*Supplied data*.
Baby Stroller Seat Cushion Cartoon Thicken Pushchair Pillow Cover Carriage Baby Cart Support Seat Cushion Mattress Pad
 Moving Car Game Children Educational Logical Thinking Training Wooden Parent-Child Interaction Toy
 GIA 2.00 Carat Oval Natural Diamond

*What the task asks*. Copy out the data in full, exactly.

*Exercise output*.
Baby Stroller Seat Cushion Cartoon Thicken Pushchair Pillow Cover Carriage Baby Cart Support Seat Cushion Mattress Pad
 Moving Car Game Children Educational Logical Thinking Training Wooden Parent-Child Interaction Toy
 GIA 2.00 Carat Oval Natural Diamond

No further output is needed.